There are a number of options for adding a fire to a room that will suit almost any budget and style.
A classic open fireplace is simply a recess at the base of the chimney breast where you can install a fire and surround to suit the dimensions and decor of the room. These look great in both contemporary and period homes.
Alternatively, if you are a minimalist at heart, a hole in the wall fire is incredibly easy to install by a Gas Safe registered engineer and comprises a simple aperture set right into the wall with either a gas fire-bed of logs or pebbles or a fire-basket if you opt for a fuel version. If you are looking for the option that requires the least disruption, a hole in the wall fire is definitely the way to go.
A wood or multi-fuel stove is always a popular choice from an aesthetic point of view, of course, and these are very efficient heat generators. If you are thinking about either an open fire or a stove, don’t forget to factor in a space to store your logs and/or coal and other necessities such as kindling and firelighters. If you are designing a room from scratch, you could consider building bespoke storage to house these items. In a more rustic style of room, a neatly stacked wood pile can add a real wow factor to a room and is eminently functional.
You will need to bear in mind that every sort of open fire - whether gas or solid fuel - will need a hearth unless the manufacturer’s guidelines explicitly state otherwise. The requirements for the size of hearth vary depending on which style of fire you have decided on. It really is worthwhile consulting an expert before embarking on installation to ensure that you have met current building regulations, both in terms of the proposed dimensions and material of the hearth.
A beautiful fireplace is a great investment; therefore, it makes sense to purchase the best spec possible within your budget and to use a trusted installer.
While you might think of a hole in the wall fire as a contemporary design feature, it has actually been around for a good number of years. This type of fire has enjoyed a noticeable upswing in popularity recently, largely due to the fact that installation techniques have greatly improved and it is easier and cheaper to fit than in the past.

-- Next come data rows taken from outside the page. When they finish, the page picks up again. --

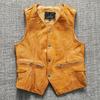 Washed Black Knight Vest PU Leather Men's Vest Vest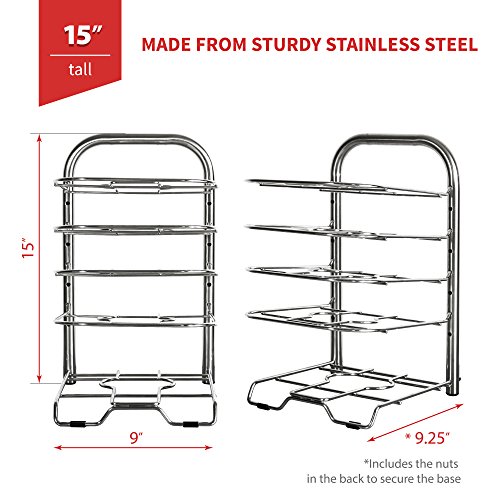 BTH Heavy-Duty Height Adjustable Pot Pan Stainless Steel Organizer Rack 5-Tier: 10, 11 & 12 Inch Kitchenware Cookware Pot Rack Cabinet Countertop Storage Solution (15" Tall)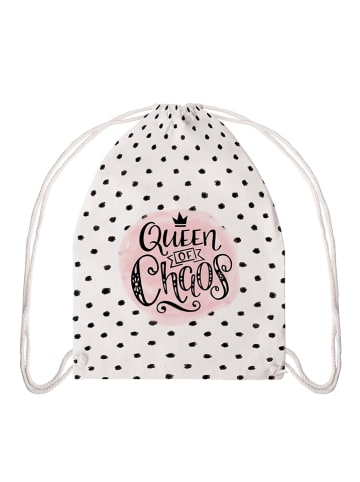 Design@Home Plecak "Queen of chaos" w kolorze biało-jasnoróżowym - 32 x 40 cm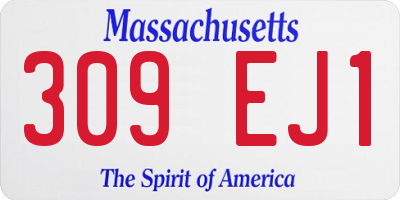 MA license plate 309EJ1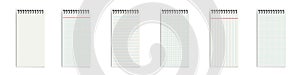 Different Spiral Notebook Templates - Empty Cell Grid Striped And Dotted Vector Illustrations - Isolated On White Background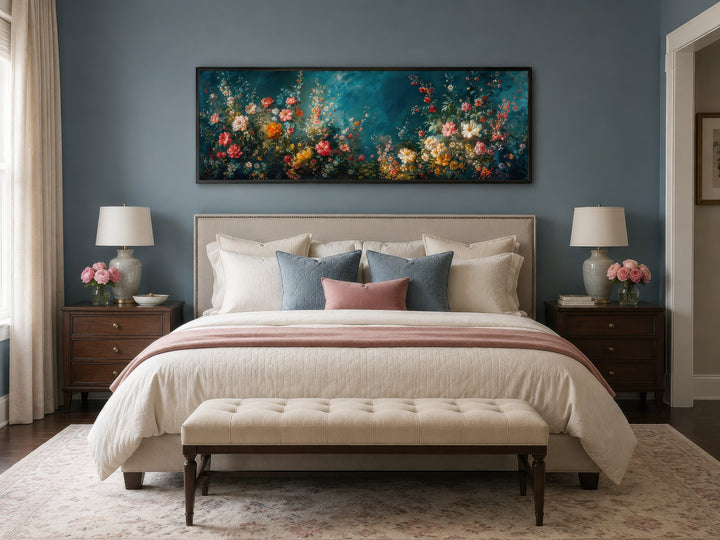 Floral Garden on Teal Background Long Narrow Canvas Wall Art hanging above a bed in a bedroom.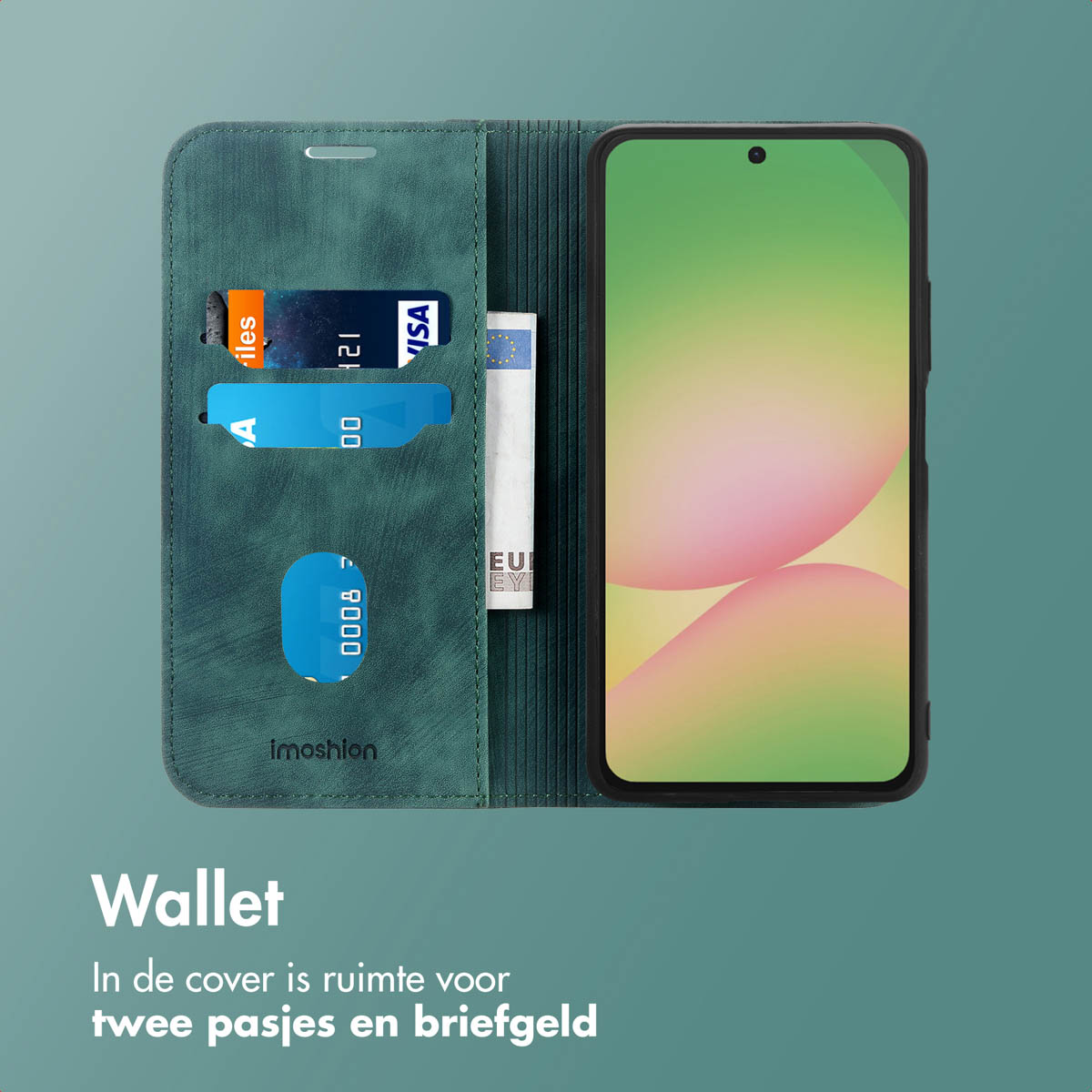 Étui portefeuille ouvert, montre cartes, argent et un téléphone. Fond vert.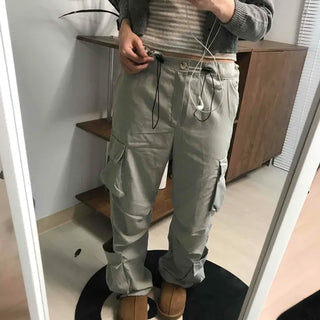 Elastic Waist Cotton Velcro Utility Cargo Pants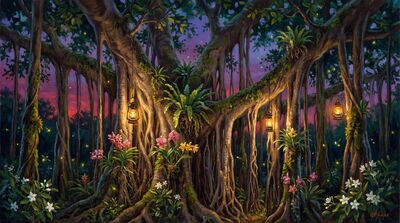 Ancient Banyan Tree Twilight Grove Canvas Painting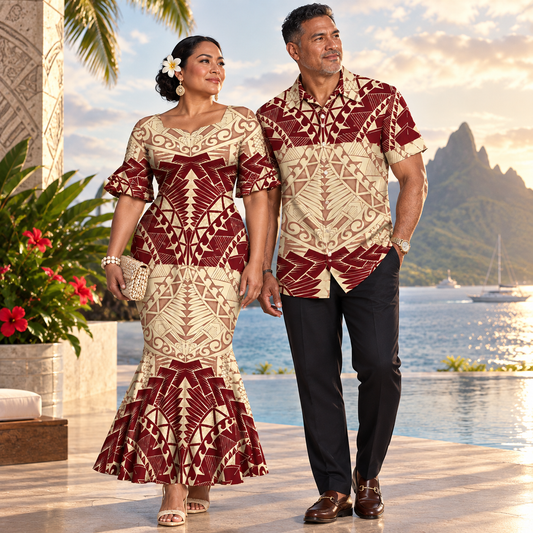 Polynesian Printed Couple Matching Outfit Polynesian Tribal Tribal Short Sleeve Mermaid Long Dress And Hawaiian Shirt Outfit Set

Traditionally, one of the main requirements for a hole in the wall fireplace was a hearth positioned on the floor in front of the proposed location. These days, however, in certain circumstances it can be installed without one.
Generally speaking, hole in the wall fires are available in two configurations: self-contained and gas fire insert. There are fires suitable for the type of your particular chimney - consult an expert to ascertain the right set-up for your home.

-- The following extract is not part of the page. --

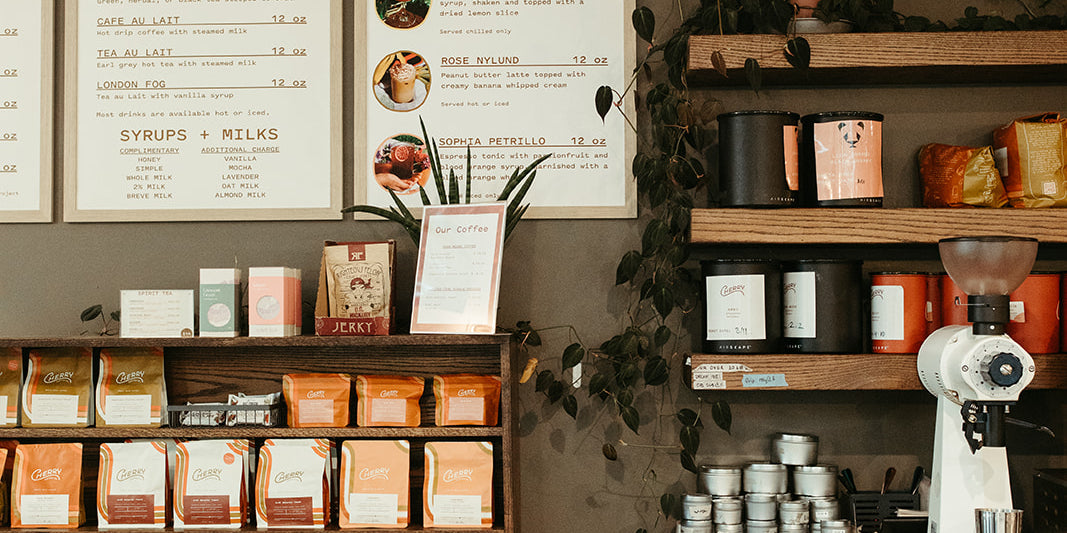 photograph of interior at cherry coffee shop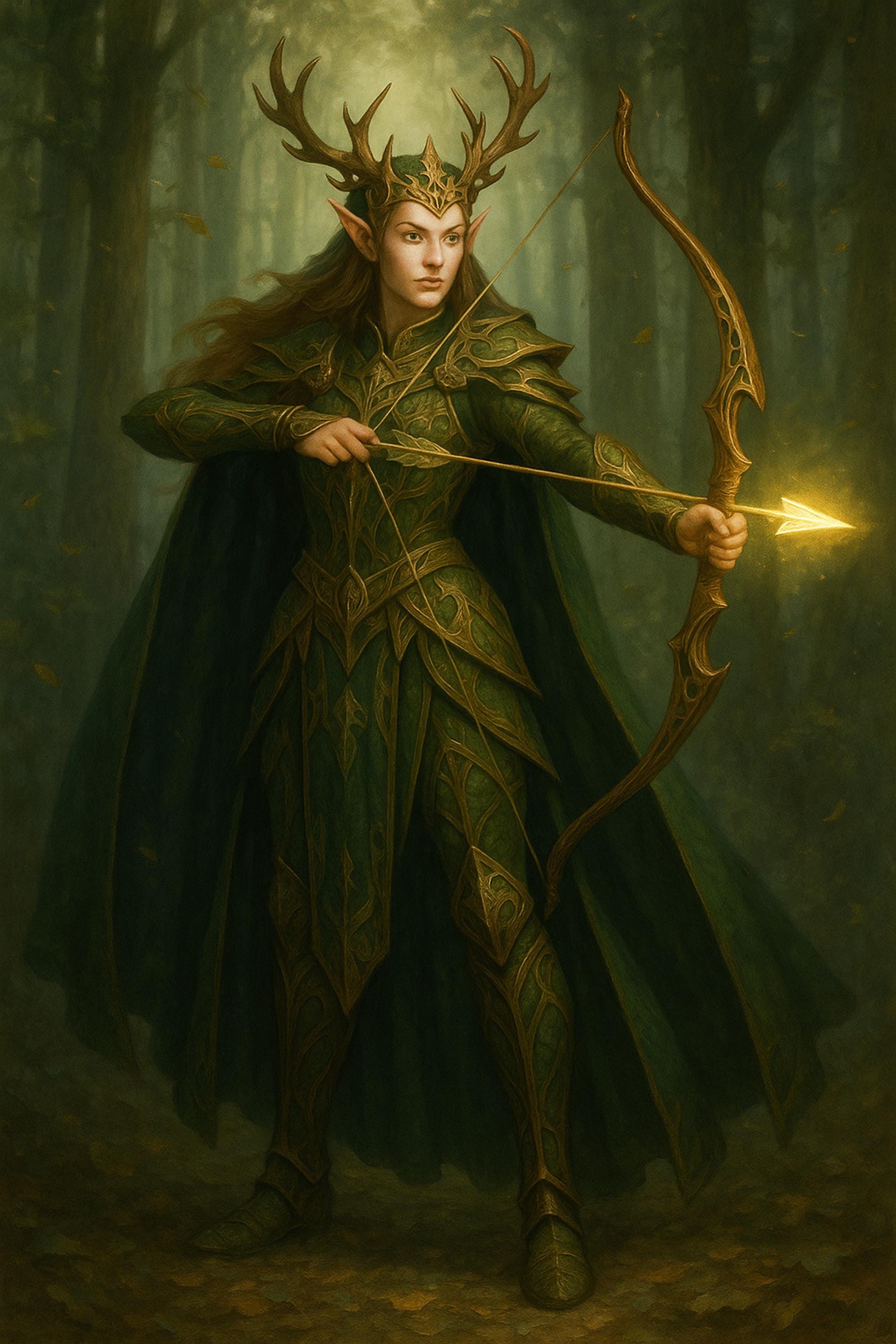 Elf Ranger Queen Fantasy Wall Art Printable, Archer Warrior Print, DnD Character Art Digital Download, Game Room Decor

When selecting the perfect hole in the wall fire to suit your needs, take some time to consider what level of heat output you would like; for example, if you have central heating and will be using your new fire as a secondary heating source, you will be able to choose from a wide range of fires. If you are planning to use your fire as the primary heat source in the room in which it is located, however, you will need to do a bit more research to ensure the output is sufficient to meet your needs.

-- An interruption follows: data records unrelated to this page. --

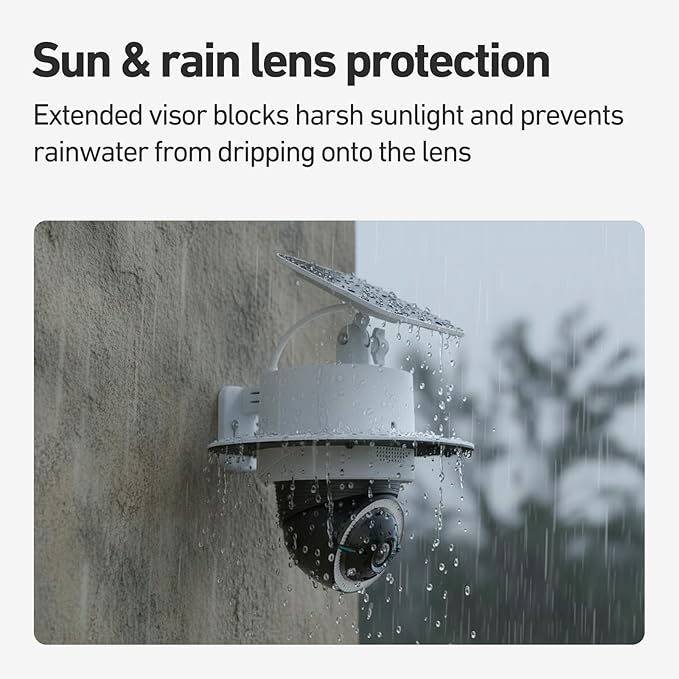 Holicfun Rain & Sun Shield Cover with Adjustable Solar Panel Mount for Eufy 4G LTE Cam S330
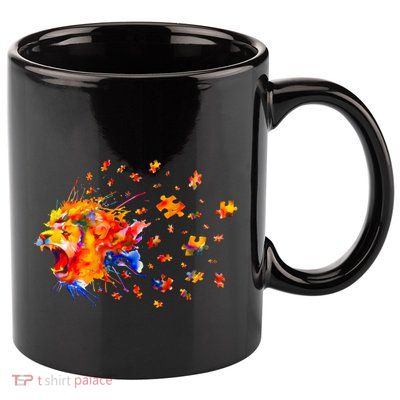 Autism Awareness Roar Cute Lion Puzzle Gift 11oz C Handle Ceramic Mug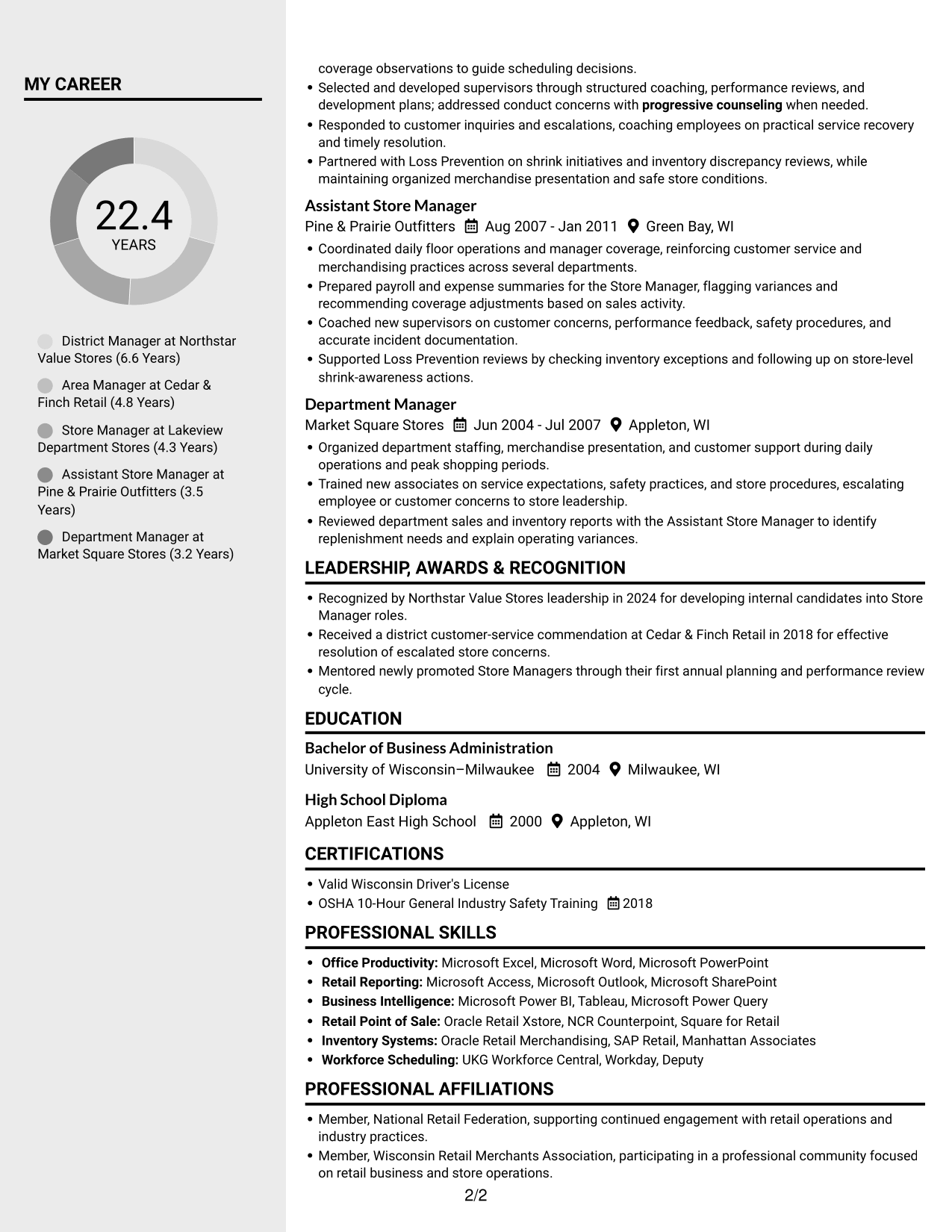 Resume example — page 2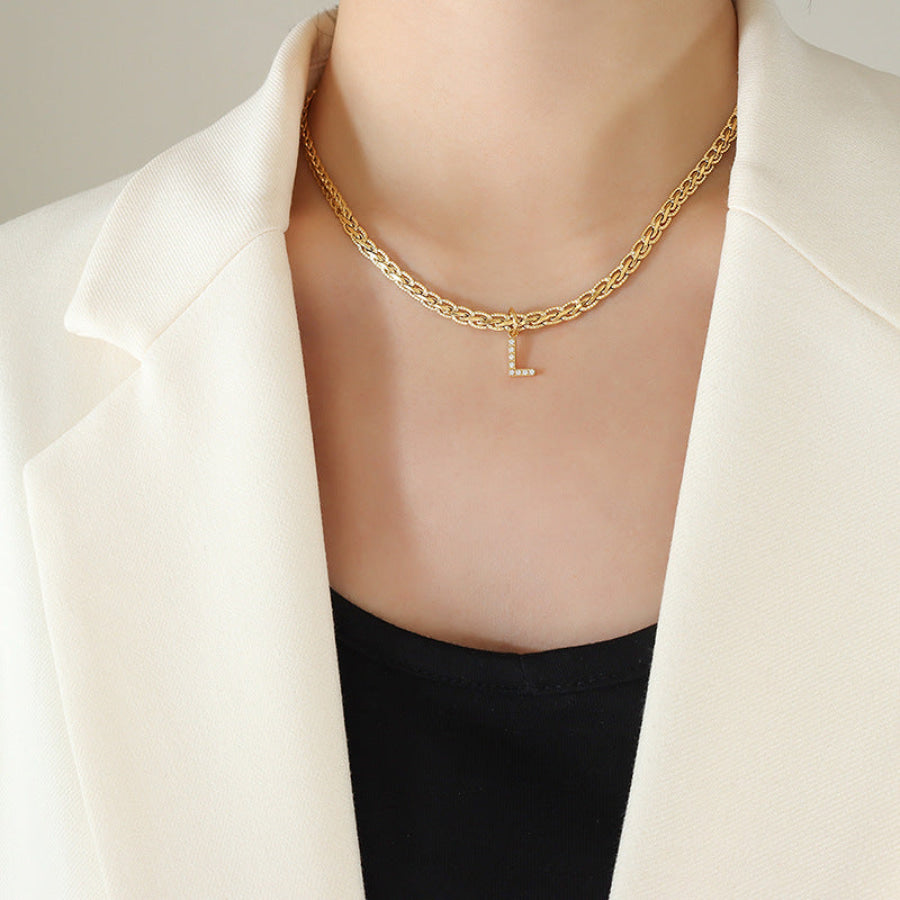 Brass Inlaid Zircon Letter Pendant Necklace Style L / One Size Apparel and Accessories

If you want to fit a fire in a small room, or dislike the idea of a traditional hearth, a hole in the wall fire is absolutely ideal. Most models are fitted between three and five feet above floor level, which means they don’t take up any floor space. There is a plethora of great designs on the market suitable for any period or style of decor and such fires make an attractive focal point, providing the desired ‘warm glow’ with minimum upheaval.
The price you can expect to pay will depend largely on the style and finish you opt for, with popular finishes including stone, various metals and granite. It is possible to enjoy a fully bespoke service, whereby the perfect size and shape of hole in the wall fire will be custom made to fit your exact specifications. For true flexibility, you can’t go far wrong with a hole in the wall fire.